The value of open source is not that you will run it locally, it's that anyone can run it at all.
Even if you can't afford to purchase the hardware to run large open source models, someone would, price it at half the cost of the closed source models and still make a profit.
The only reason you are not seeing that happen right now is because the current front-running token-providers have subsidised their inference costs.
The minute they start their enshittification the market for alternatives becomes viable. Without open-source models, there will never be a viable alternative.
Even if they wanted to charge only 80% of what a developer costs, the existence of open source models that are not far behind is a forcing function on them. There is no moat for them.
Of course it matters because that makes coding plans much cheaper than those from Anthropic and OpenAI.
For personal use I have coding plans with GLM 5.1, Kimi K2.6, MiniMax M2.7 and Xiaomi MiMo V2.5 Pro and I am getting a lot of bang for the buck.
With Claude Max I was hitting the limits very fast.
The enshittification will go unnoticed at first but I'm already finding my favourite frontier models severely nerfed, doing incredibly dumb stuff they weren't in the past.
We need open weight models to have a stable "platform" when we rely on them, which we do more and more.
That said, I do fully agree that it is valuable to have open near-frontier models, as a balance to the closed ones.
That would take something close to a global conspiracy of every technologist lying continuously to keep the tweaks secret. If necessary, I personally will rent some servers and run a vanilla Kimi K2.6 deployment for people to use at reasonable prices. I don't expect to ever make good on that threat because they are grim times indeed if I'm the first person doing something AI related, but the skill level required to load up a model behind an API is low.
So it isn't hard to see how there will be unadulterated Kimi models available and from there it is really, really straightfoward to tell if someone is quantising a model; just run some benchmarks against 2 different providers who both claim to serve the same thing. If one is quantising and another isn't there's a big difference in quality.
Sure. But the problem is you have to do this continuously to have any measure of confidence, which is expensive. For example, a provider could at any point randomly start serving some fraction of the requests to a quantized model. Either due to "routing error", as Anthropic called one of their model degradation events, or trying to improve bottom line.
There's really no good way to detect this on a few-prompt level without overspending significantly, because they're all black boxes.

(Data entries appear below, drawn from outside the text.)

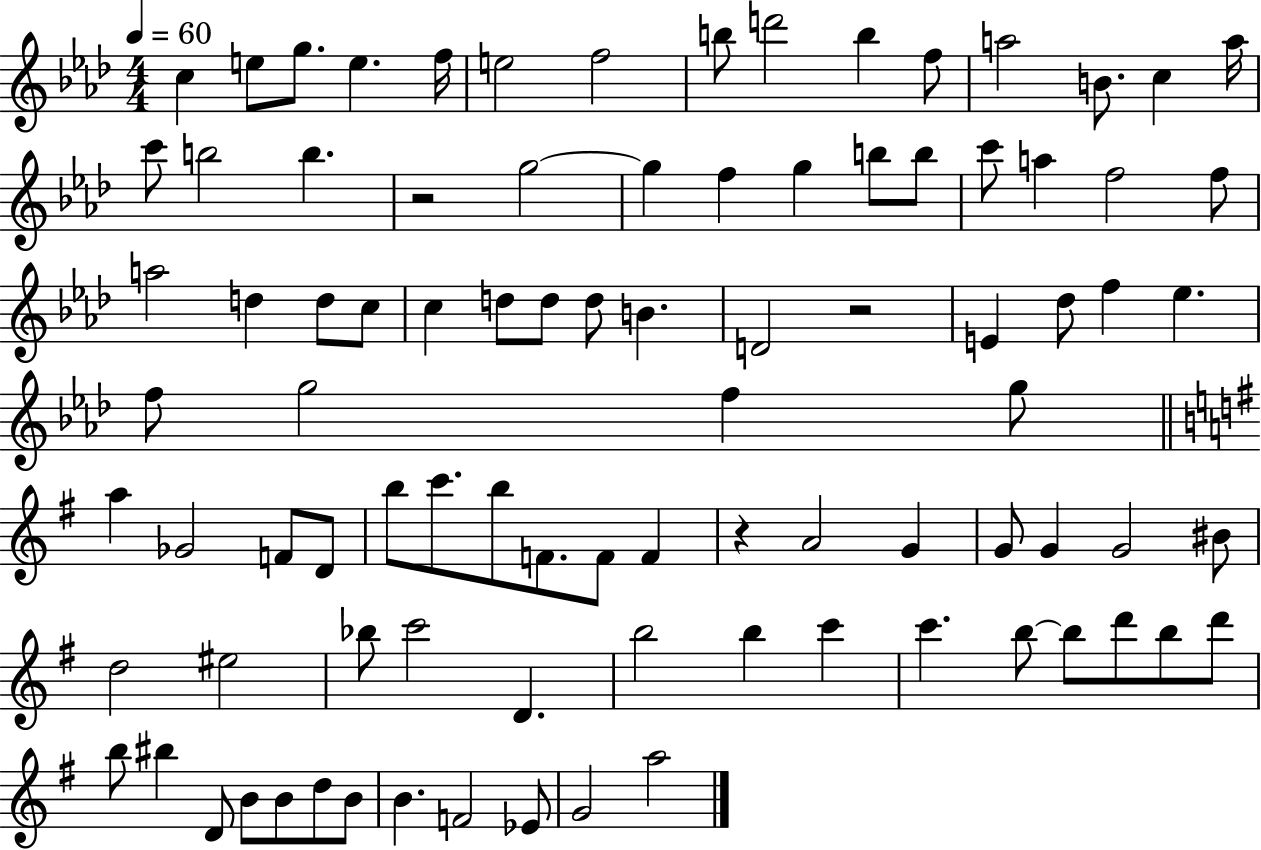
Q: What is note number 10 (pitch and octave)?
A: B5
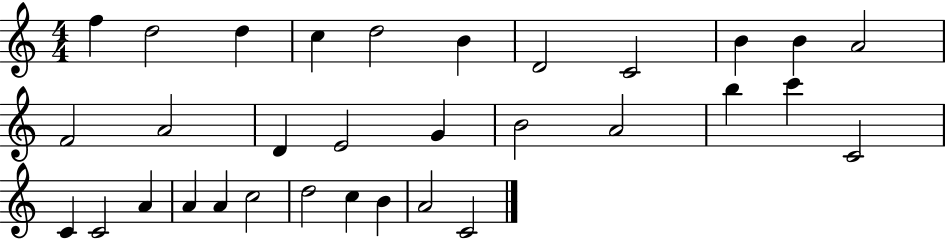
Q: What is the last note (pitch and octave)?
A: C4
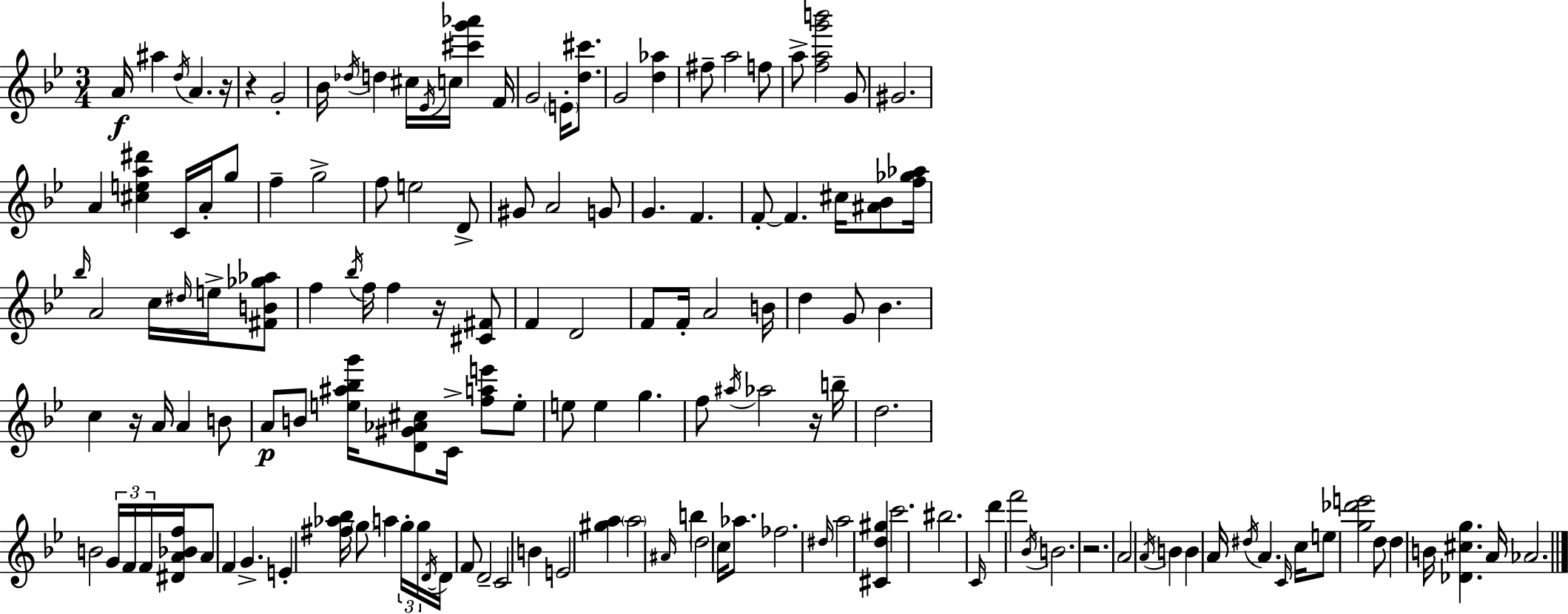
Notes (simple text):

A4/s A#5/q D5/s A4/q. R/s R/q G4/h Bb4/s Db5/s D5/q C#5/s Eb4/s C5/s [C#6,G6,Ab6]/q F4/s G4/h E4/s [D5,C#6]/e. G4/h [D5,Ab5]/q F#5/e A5/h F5/e A5/e [F5,A5,G6,B6]/h G4/e G#4/h. A4/q [C#5,E5,A5,D#6]/q C4/s A4/s G5/e F5/q G5/h F5/e E5/h D4/e G#4/e A4/h G4/e G4/q. F4/q. F4/e F4/q. C#5/s [A#4,Bb4]/e [F5,Gb5,Ab5]/s Bb5/s A4/h C5/s D#5/s E5/s [F#4,B4,Gb5,Ab5]/e F5/q Bb5/s F5/s F5/q R/s [C#4,F#4]/e F4/q D4/h F4/e F4/s A4/h B4/s D5/q G4/e Bb4/q. C5/q R/s A4/s A4/q B4/e A4/e B4/e [E5,A#5,Bb5,G6]/s [D4,G#4,Ab4,C#5]/e C4/s [F5,A5,E6]/e E5/e E5/e E5/q G5/q. F5/e A#5/s Ab5/h R/s B5/s D5/h. B4/h G4/s F4/s F4/s [D#4,A4,Bb4,F5]/s A4/e F4/q G4/q. E4/q [F#5,Ab5,Bb5]/s G5/e A5/q G5/s G5/s D4/s D4/s F4/e D4/h C4/h B4/q E4/h [G#5,A5]/q A5/h A#4/s B5/q D5/h C5/s Ab5/e. FES5/h. D#5/s A5/h [C#4,D5,G#5]/q C6/h. BIS5/h. C4/s D6/q F6/h Bb4/s B4/h. R/h. A4/h A4/s B4/q B4/q A4/s D#5/s A4/q. C4/s C5/s E5/e [G5,Db6,E6]/h D5/e D5/q B4/s [Db4,C#5,G5]/q. A4/s Ab4/h.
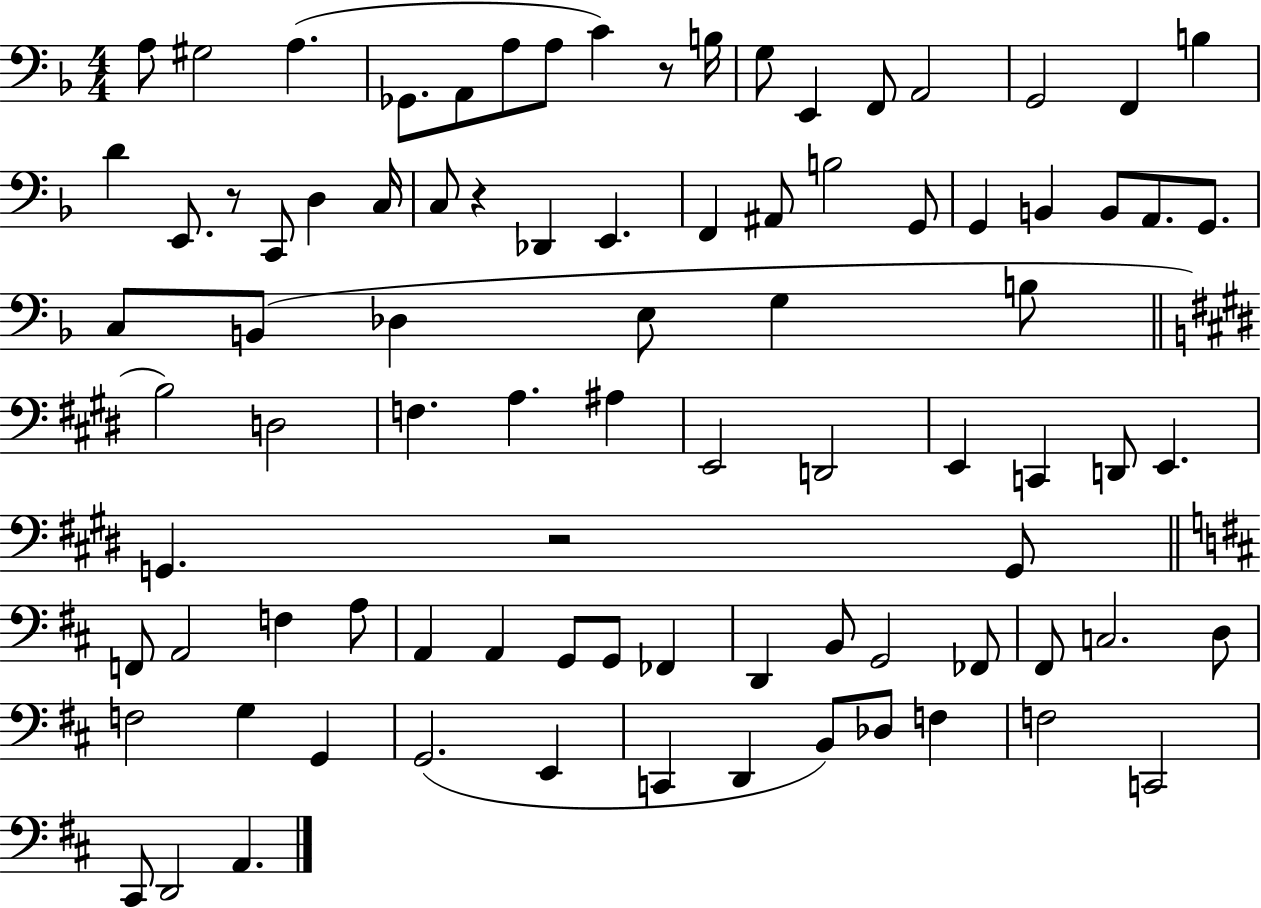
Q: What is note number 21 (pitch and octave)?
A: C3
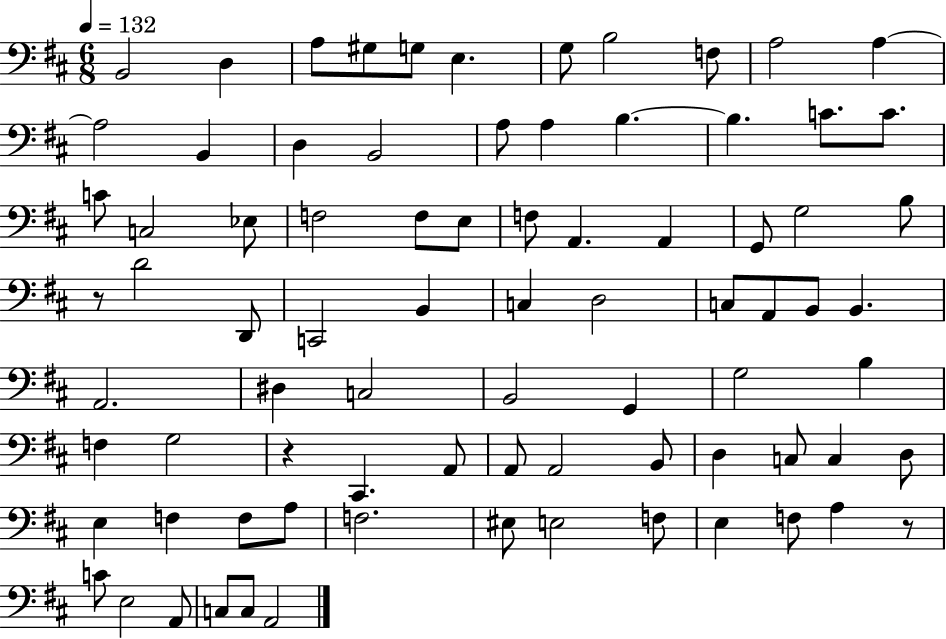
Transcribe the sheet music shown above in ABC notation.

X:1
T:Untitled
M:6/8
L:1/4
K:D
B,,2 D, A,/2 ^G,/2 G,/2 E, G,/2 B,2 F,/2 A,2 A, A,2 B,, D, B,,2 A,/2 A, B, B, C/2 C/2 C/2 C,2 _E,/2 F,2 F,/2 E,/2 F,/2 A,, A,, G,,/2 G,2 B,/2 z/2 D2 D,,/2 C,,2 B,, C, D,2 C,/2 A,,/2 B,,/2 B,, A,,2 ^D, C,2 B,,2 G,, G,2 B, F, G,2 z ^C,, A,,/2 A,,/2 A,,2 B,,/2 D, C,/2 C, D,/2 E, F, F,/2 A,/2 F,2 ^E,/2 E,2 F,/2 E, F,/2 A, z/2 C/2 E,2 A,,/2 C,/2 C,/2 A,,2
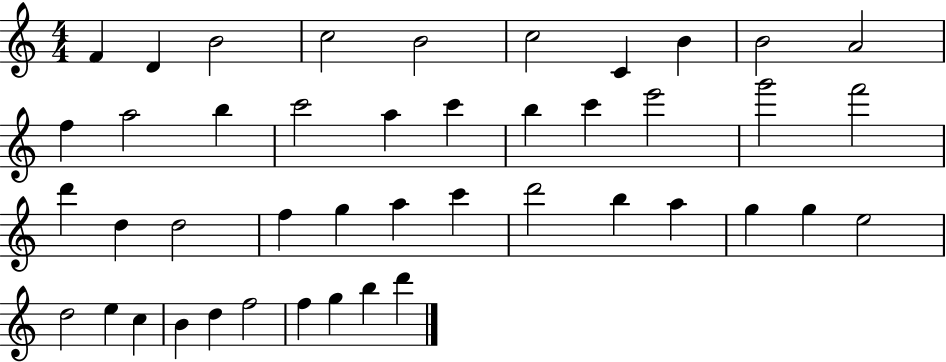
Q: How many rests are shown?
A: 0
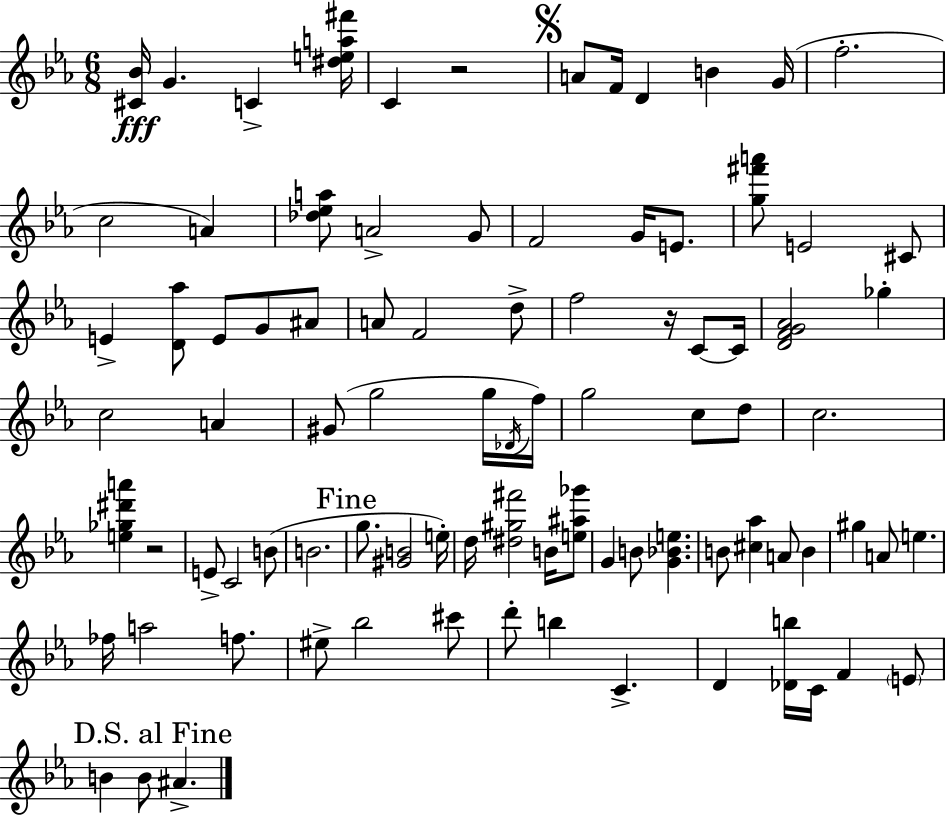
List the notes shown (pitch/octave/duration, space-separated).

[C#4,Bb4]/s G4/q. C4/q [D#5,E5,A5,F#6]/s C4/q R/h A4/e F4/s D4/q B4/q G4/s F5/h. C5/h A4/q [Db5,Eb5,A5]/e A4/h G4/e F4/h G4/s E4/e. [G5,F#6,A6]/e E4/h C#4/e E4/q [D4,Ab5]/e E4/e G4/e A#4/e A4/e F4/h D5/e F5/h R/s C4/e C4/s [D4,F4,G4,Ab4]/h Gb5/q C5/h A4/q G#4/e G5/h G5/s Db4/s F5/s G5/h C5/e D5/e C5/h. [E5,Gb5,D#6,A6]/q R/h E4/e C4/h B4/e B4/h. G5/e. [G#4,B4]/h E5/s D5/s [D#5,G#5,F#6]/h B4/s [E5,A#5,Gb6]/e G4/q B4/e [G4,Bb4,E5]/q. B4/e [C#5,Ab5]/q A4/e B4/q G#5/q A4/e E5/q. FES5/s A5/h F5/e. EIS5/e Bb5/h C#6/e D6/e B5/q C4/q. D4/q [Db4,B5]/s C4/s F4/q E4/e B4/q B4/e A#4/q.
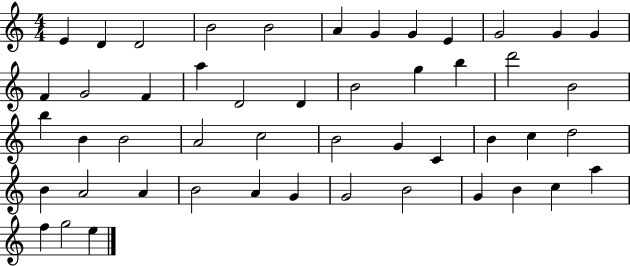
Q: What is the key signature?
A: C major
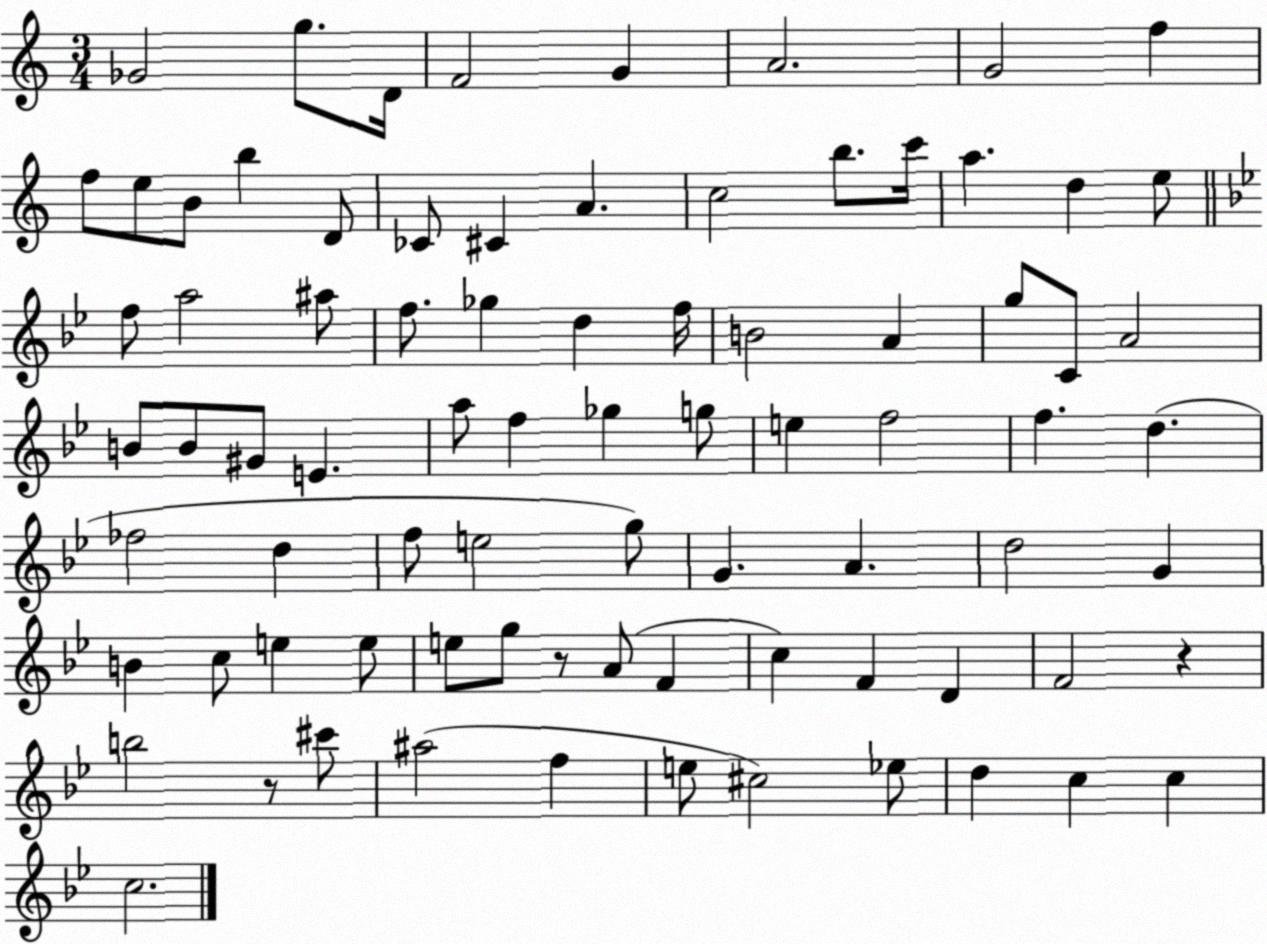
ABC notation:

X:1
T:Untitled
M:3/4
L:1/4
K:C
_G2 g/2 D/4 F2 G A2 G2 f f/2 e/2 B/2 b D/2 _C/2 ^C A c2 b/2 c'/4 a d e/2 f/2 a2 ^a/2 f/2 _g d f/4 B2 A g/2 C/2 A2 B/2 B/2 ^G/2 E a/2 f _g g/2 e f2 f d _f2 d f/2 e2 g/2 G A d2 G B c/2 e e/2 e/2 g/2 z/2 A/2 F c F D F2 z b2 z/2 ^c'/2 ^a2 f e/2 ^c2 _e/2 d c c c2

You can always distill this for your little RTX at home. But models shaped for consumer hardware will never win wide adoption or remain competitive with frontier labs.
This is something that _can_ compete. And it will both necessitate and inspire a new generation of open cloud infra to run inference. "Push button, deploy" or "Push button, fine tune" shaped products at the start, then far more advanced products that only open weights not locked behind an API can accomplish.
Now we just need open weights Nano Banana Pro / GPT Image 2, and Seedance 2.0 equivalents.
The battle and focus should be on open weights for the data center.
Open weights is great if you want to do additional training, or if you need on-prem for security.
The power of giving universities, companies, and hackers "full" models should not be understated.
Here are a just a few ideas for image, video, and creative media models:
- Suddenly you're not "blocked" for entire innocuous prompts. This is a huge issue.
- You can fine tune the model to learn/do new things. A lighting adjustment model, a pose adjustment model. You can hook up the model to mocap, train it to generate plates, etc.
- You can fine tune it on your brand aesthetic and not have it washed out.